→ **Assigned task**
From the line containing "HOMEPACK Ahşap Çerçeveli" through the last line of the records below, output every line exactly, both ends included, except the pictures.

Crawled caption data
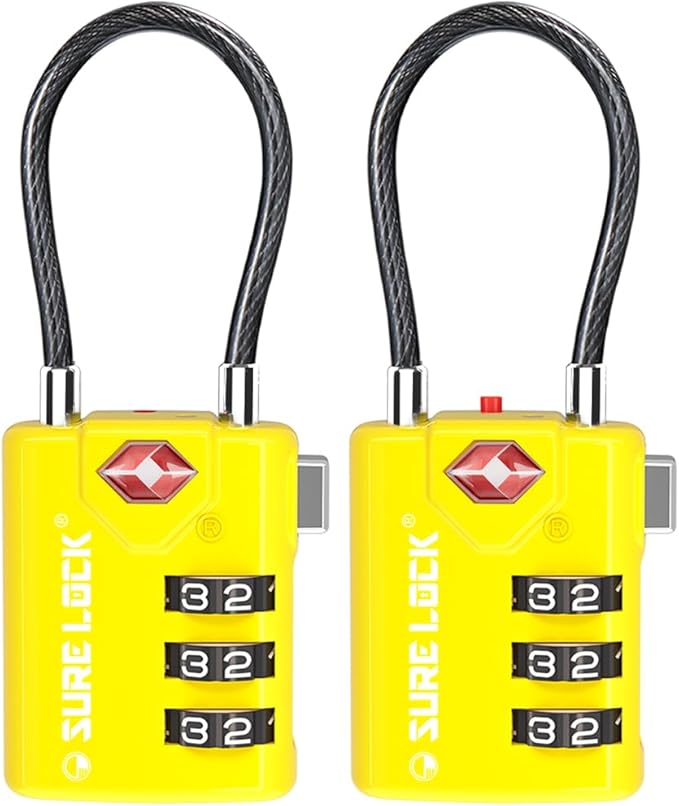 SURE LOCK TSA Compatible Travel Luggage Locks, Inspection Indicator, Easy Read Dials TSA Approved with Zinc Alloy (2, Yellow)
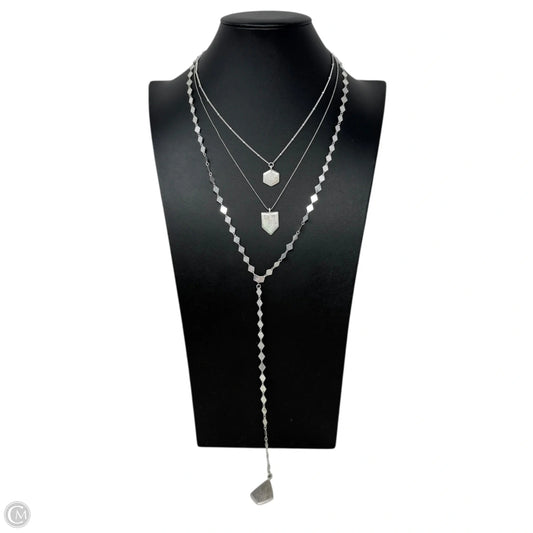 Layered Silver Tone Geometric Lariat Necklace Chain By Chicos
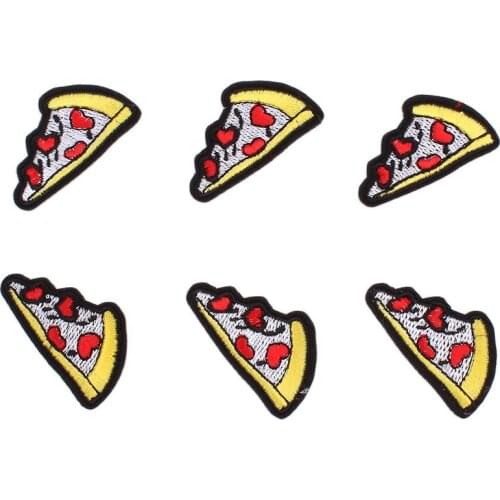 10piece Cartoon Pizza Stickers Iron On Foods Patch Embroidery Clothing Appliques DIY Jeans Backpack Coats Shirts Patches Decors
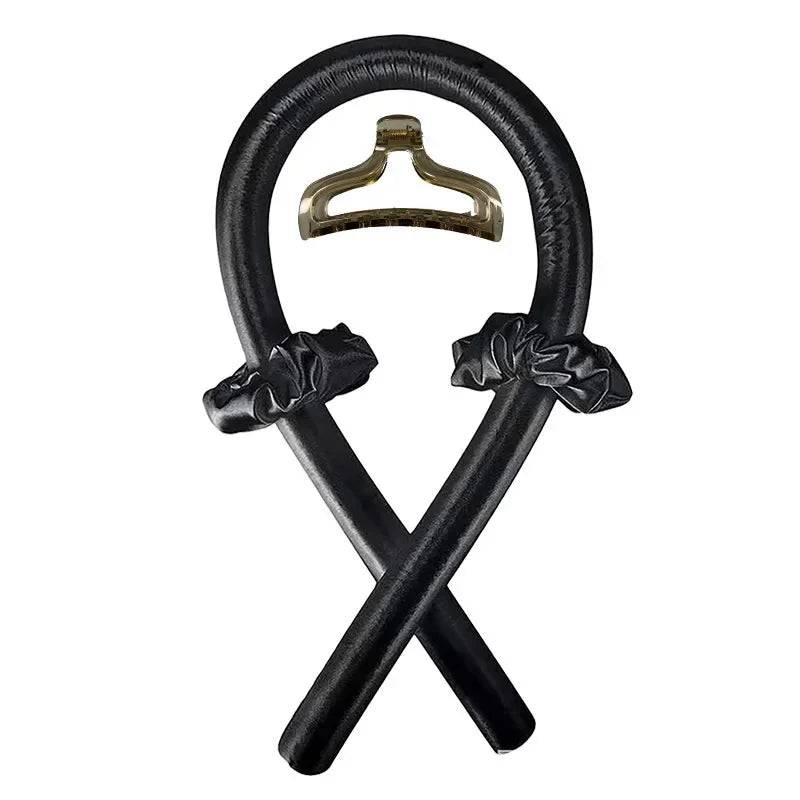 Heatless Curling Rod Headband No Heat Silk Curls Ribbon Hair Rollers Sleeping Soft Headband Lazy Hair Curlers Hair Styling Tools - Black with Clip / CHINA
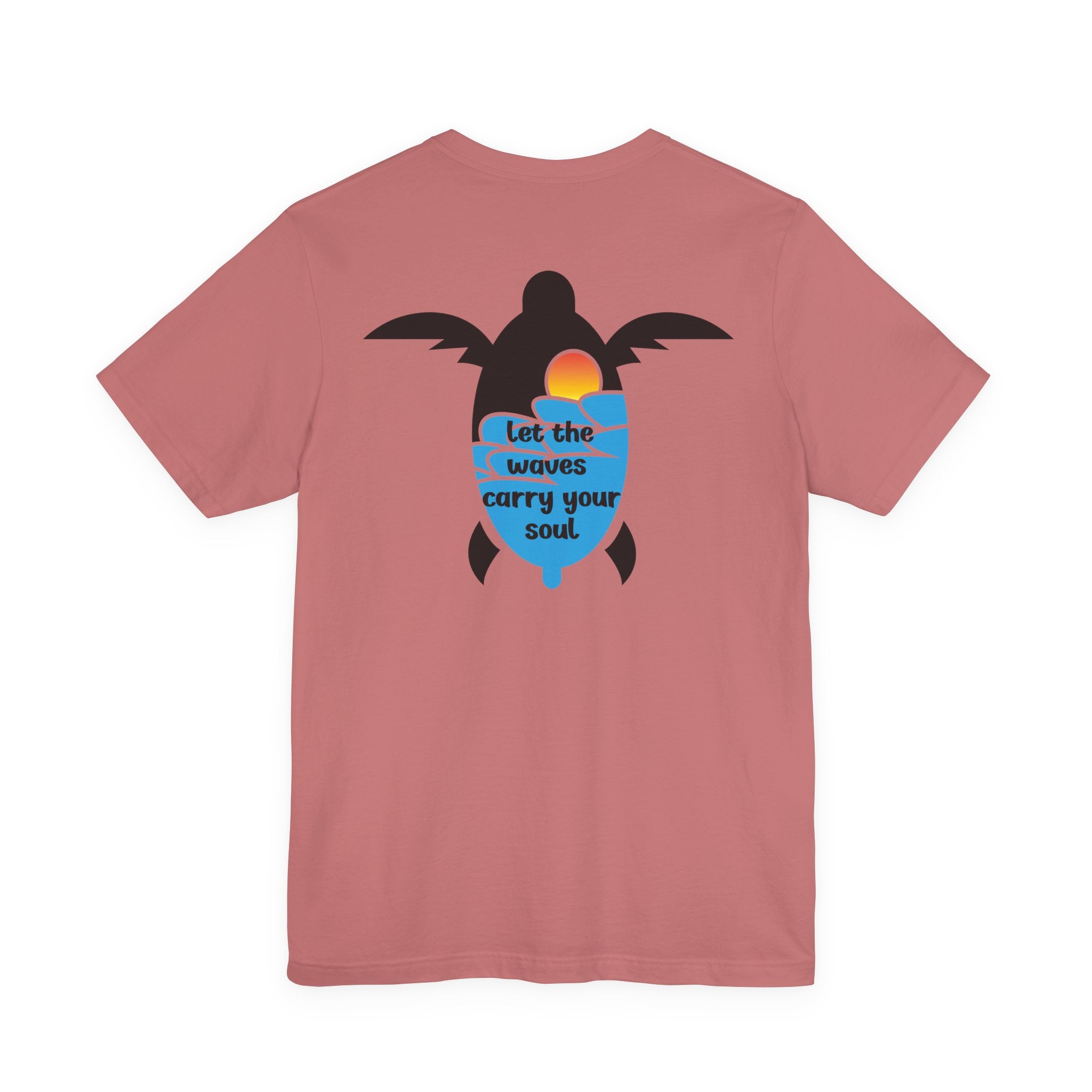 Turtle Sunset Tee — "Let the Waves Carry Your Soul" Relaxed Short-Sleeve Shirt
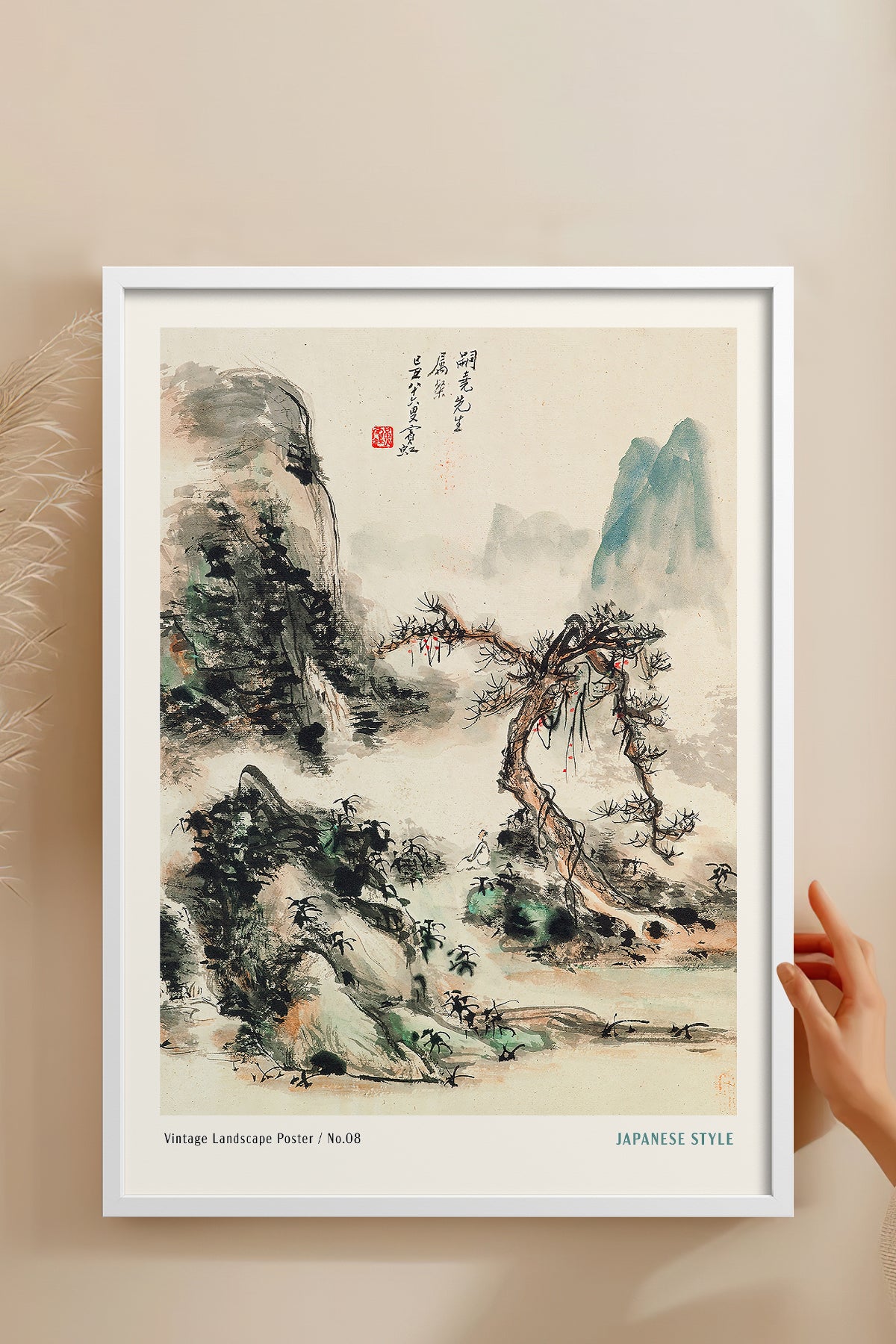 HOMEPACK Ahşap Çerçeveli Tablo Çerçeveli Poster Sanatsal Modern Duvar Dekoru JPN-053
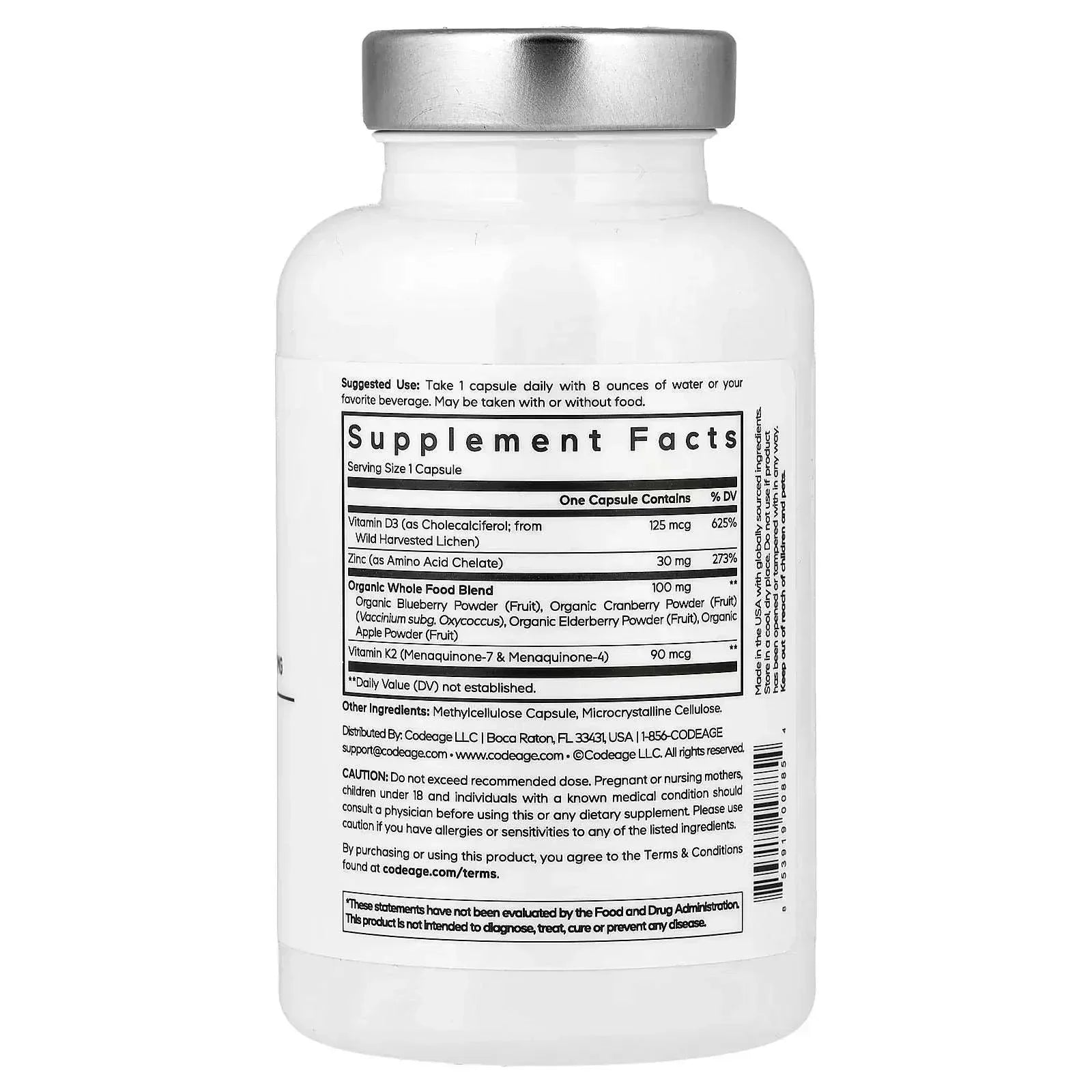 Codeage Amen Vitamin D, K2 & Zinc – 60 Vegetable Capsules - Mumzar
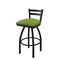 Holland Bar Stool Co 25" Low Back Swivel Counter Stool, Black Wrinkle, Canter Kiwi Green Seat 41125BW009 - alternate 1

→ **Response to the task**
 HOMEPACK Ahşap Çerçeveli Tablo Çerçeveli Poster Sanatsal Modern Duvar Dekoru JPN-053
 Codeage Amen Vitamin D, K2 & Zinc – 60 Vegetable Capsules - Mumzar
 Holland Bar Stool Co 25" Low Back Swivel Counter Stool, Black Wrinkle, Canter Kiwi Green Seat 41125BW009 - alternate 1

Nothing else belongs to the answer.